Exercise data START
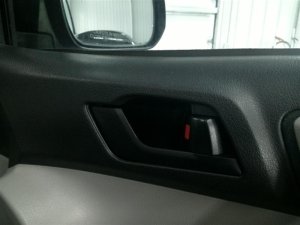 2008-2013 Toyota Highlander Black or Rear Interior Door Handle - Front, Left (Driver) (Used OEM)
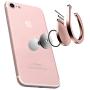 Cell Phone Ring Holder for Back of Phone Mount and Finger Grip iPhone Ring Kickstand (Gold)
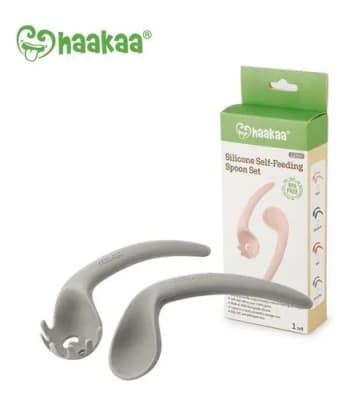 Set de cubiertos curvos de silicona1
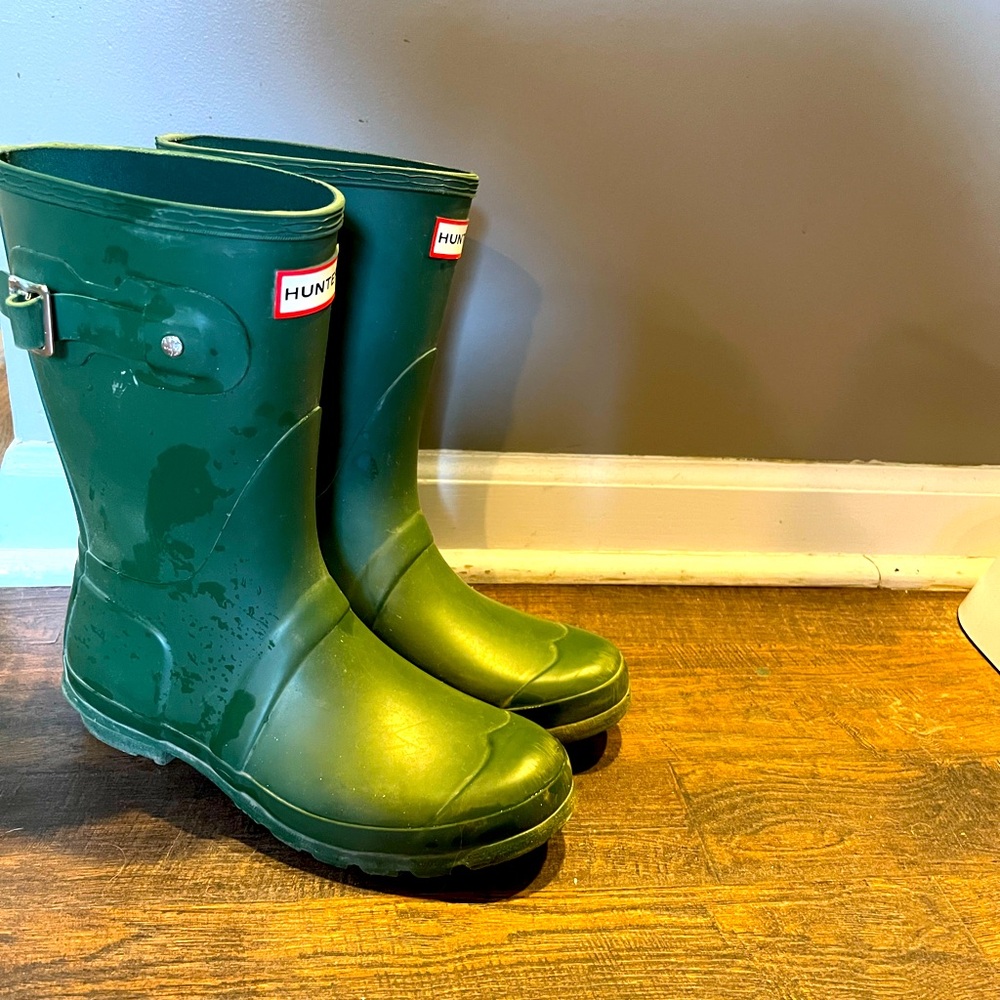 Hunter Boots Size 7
Exercise data END
Assignment: A word-for-word transcription of the listing is needed, minus its images.

Reply to the task:
 2008-2013 Toyota Highlander Black or Rear Interior Door Handle - Front, Left (Driver) (Used OEM)
 Cell Phone Ring Holder for Back of Phone Mount and Finger Grip iPhone Ring Kickstand (Gold)
 Set de cubiertos curvos de silicona1
 Hunter Boots Size 7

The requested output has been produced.